Rahatsız edici ağız kokusu kanser belirtisi olabilir mi?

Ağız kokusunu önemseyin! Bazen yetersiz ağız hijyenine, bazen de kullanılan ilaçlara bağlı olarak gelişen ağız kokusu bir türlü geçmiyorsa sebebi ağız kanseri olabilir

Ağız kokuları çoğu zaman; hoşa gitmeyen, itici, mide bulandırıcı, berbat kokulardır, hatta dilimizde birisinin çekilmez davranışları için 'ağız kokusu çekmek' şeklinde bir deyim bile vardır.

Tıpta, hastanın ağzında veya nefesinde kötü koku hissedilmesine 'halitozis' adı verilir. Ağızları kokanlar çoğu zaman bu kokunun farkında değillerdir. Esas rahatsız olanlar; anne, baba, eş, arkadaş gibi bu kişilerin yakın çevresinde yaşayanlardır.

Ama onlar da belki çekindiklerinden, belki o kişiyi gücendirmek istemediklerinden bunu açıkça ifade etmekten kaçınırlar.

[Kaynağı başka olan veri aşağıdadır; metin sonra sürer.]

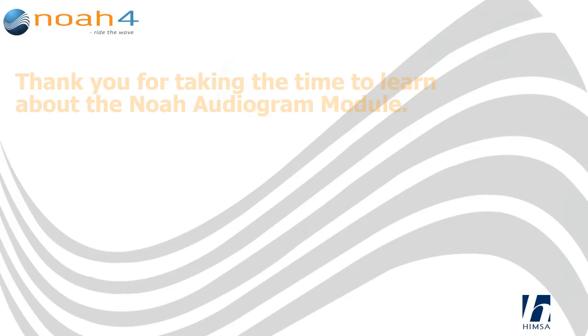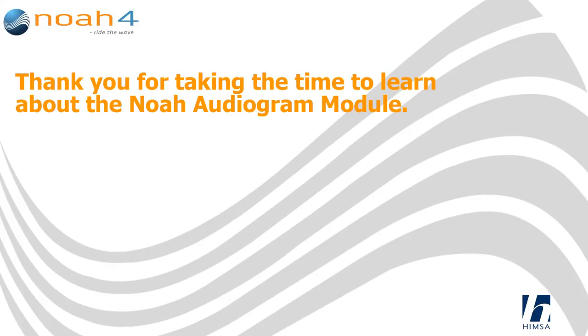Thank you for taking the time to learn about the Noah audiogram module. For more training, please visit the Noah 4 Knowledge Base at www.himsa.com.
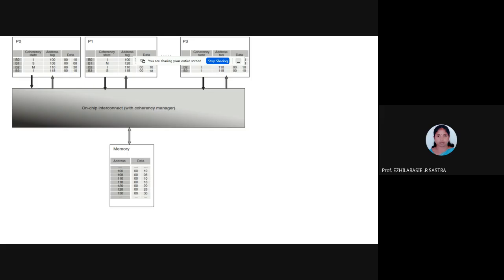Hello guys, good morning to all. In the last class we discussed about the snooping cache coherence protocol. I will post two more videos related to problems in Unit 3 — one with respect to snooping and the other with respect to directory-based protocol. Hope you know the exam pattern. Since you are going to write online, the questions will not be direct, and you can expect problem-based questions from our subjects.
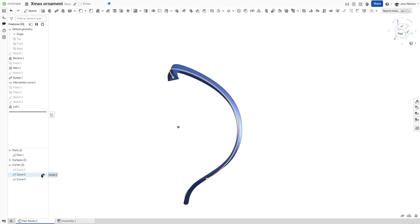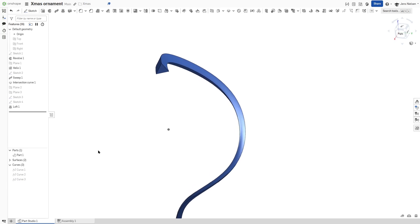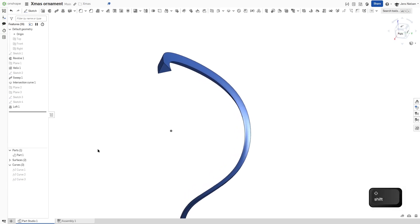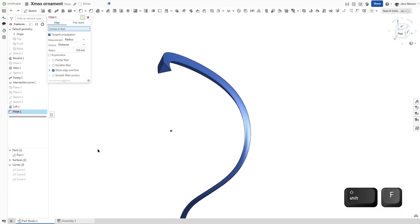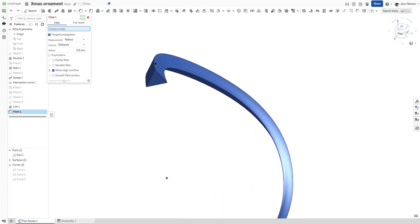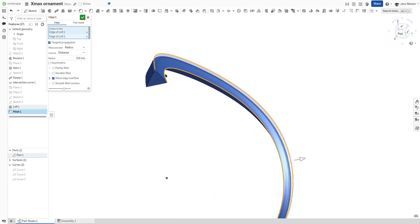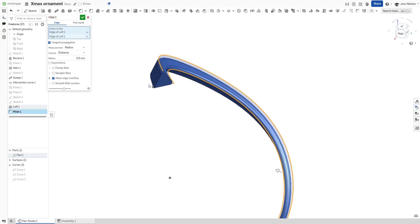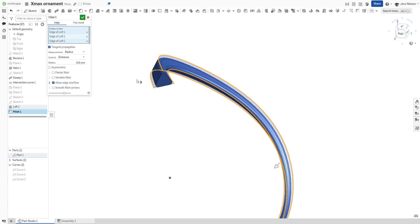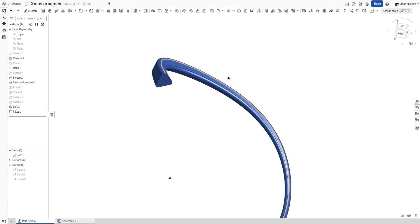I'll apply fillet of 0.8 to those three edges.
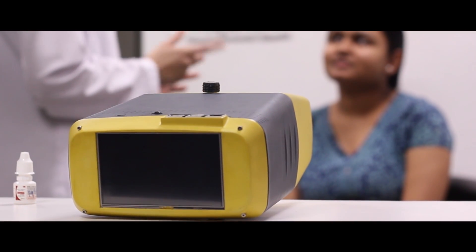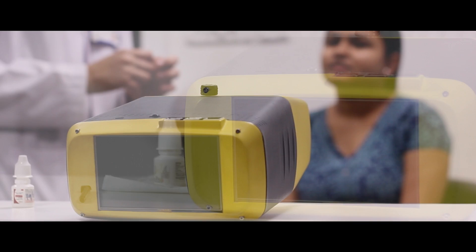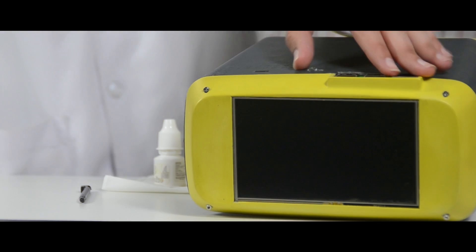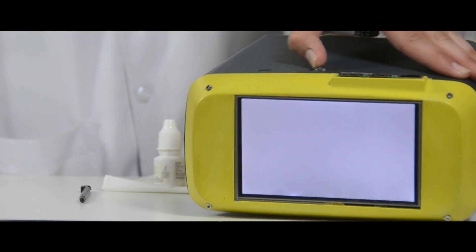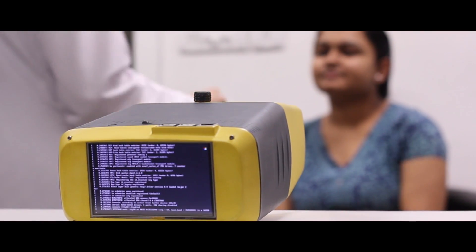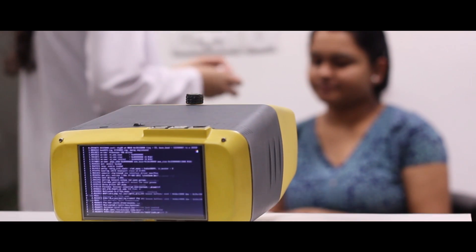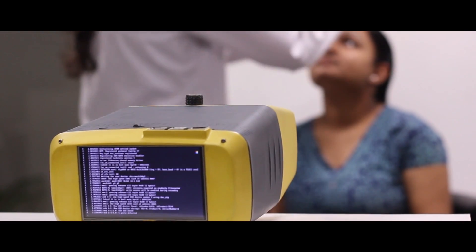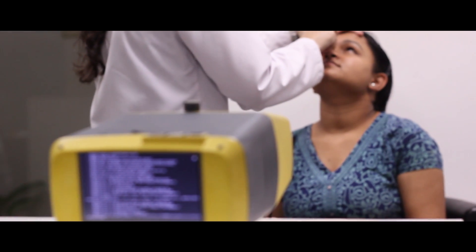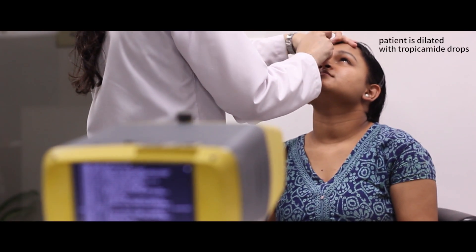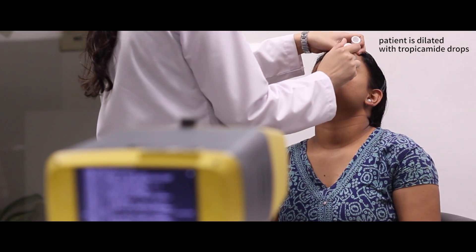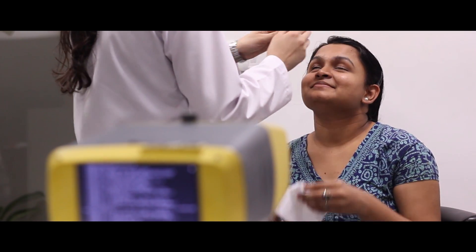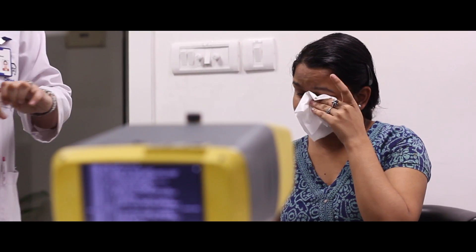The OIO's simple three-step process of focus, click and upload is intuitive enough to allow anyone to conduct a test. The machine learning API grades the images of the retina and provides an accurate diagnosis. And with this, the OIO only gets better at diagnosing diabetic retinopathy with every use.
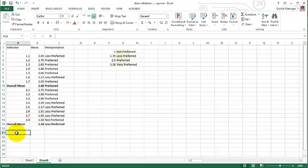So how do we interpret that? For variable number one, the overall mean is 2.68, which means it is preferred. For variable number two, it has an overall mean of 2.34, which means it is less preferred. This is how you're going to get the mean and then interpret. Thank you.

Ağız kokusunun sebebi ağızda üreyen bakterilerden kaynaklanan 'hidrojen sülfür' bileşikleridir. Dişlerde çürük olması, yemeklerden sonra ağzın iyi yıkanmaması, ağızdaki gıda artıkları, diş eti iltihapları, ağız mukozasından dökülen hücreler; kokunun oluşumunda en önemli faktörlerdir.

 

İLAÇLAR AĞIZ KOKUSUNA YOL AÇAR

 

 Ağız kokusu oluşumu; tükürük akımının azalması, uzun süre besin ve sıvıların alınmamasına da bağlıdır. Uyku hali buna iyi bir örnektir. Sabah kalkınca hissedilen ağız kokusu, bu durumla ilgilidir.

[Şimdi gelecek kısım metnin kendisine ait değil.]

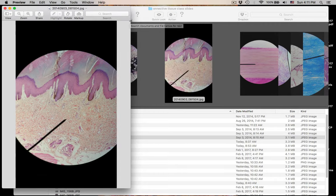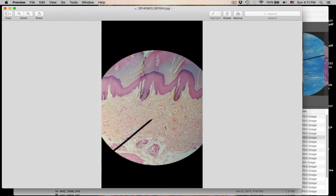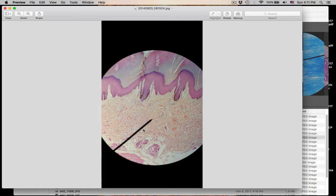This is dense irregular connective tissue. You can tell this is skin. The upper 20% of skin is going to be areolar connective tissue in the papillary region. This is in the reticular region of the dermis — the lower 80% of the dermis — and it has dense irregular connective tissue.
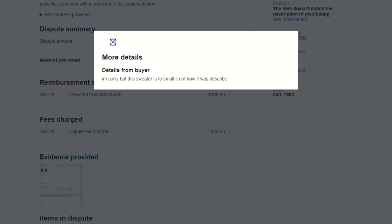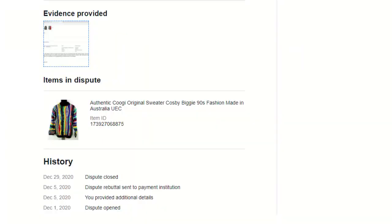And then here you can see more details from the buyer. They just put, I'm sorry, but the sweater is too small and it's not how it was described. So again, no indication of how it was different from what the item was described as. And quite frankly, it's because I think the buyer was full of it. So at the end of the day, I did end up blocking this buyer. I have no desire to sell to this person again. I'm sure they're a fine person, but not somebody that I would have any interest in doing business with again. Again, you can see here, it shows the evidence provided, items in dispute, and just quickly a history of the dispute.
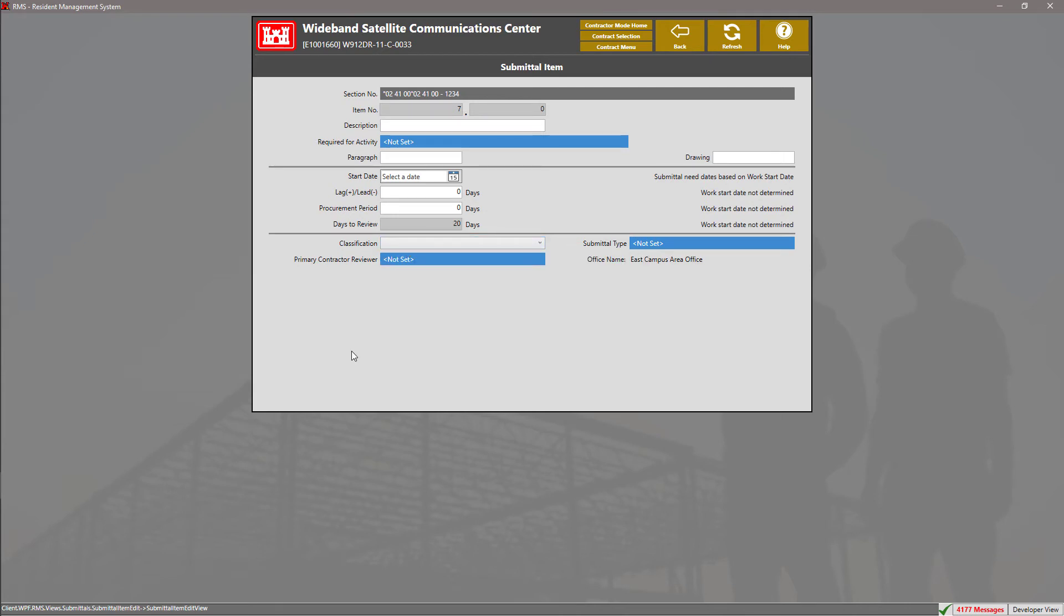Lastly, you can set the primary contractor reviewer and submittal type by clicking on the blue tiles, then selecting the appropriate primary contractor reviewer and submittal type.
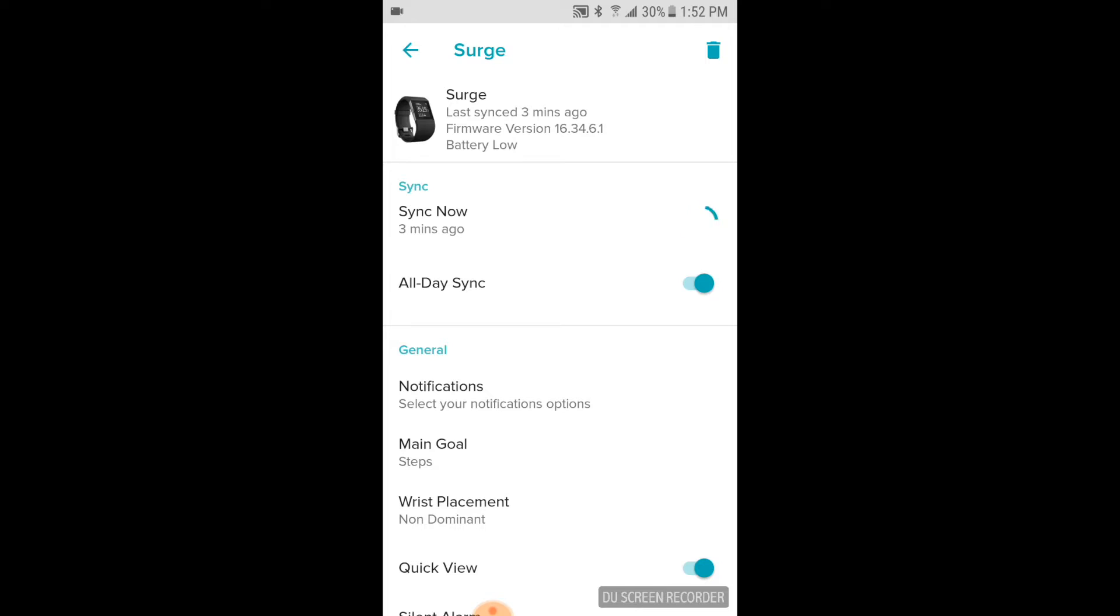Now as you can see in the top right-hand corner, there is a trash can. That is what we're going to use to actually delete the device off of our account.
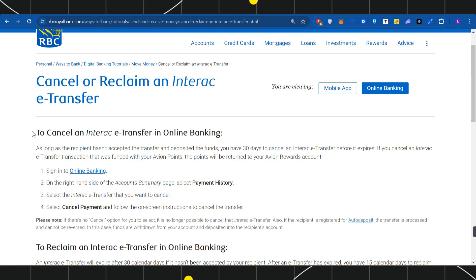With the help of these instructions, you will be able to easily cancel a transfer on Royal Bank of Canada. I hope the video was helpful, and if it was, don't forget to like the video and subscribe to the channel. Thank you so much for watching.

 Ağız kokusu bazen sigara ve alkolden, bazen soğan veya sarımsak gibi yiyeceklerden kaynaklanan geçici bir durum da olabilir.

 Burnu tıkalı olup da ağızlarından nefes alanlarda ağız kuruluğuna bağlı olarak kötü bir koku olabilir. Ateşli hastalıklarda da bundan dolayı geçici ağız kokusu ortaya çıkabilir.

 Sütle beslenen küçük bebeklerin ağzında 'mis gibi süt kokusu' vardır ama yaşlılarda tükürük salgısındaki azalmaya bağlı olarak ağız kokusu gelişmeye başlar.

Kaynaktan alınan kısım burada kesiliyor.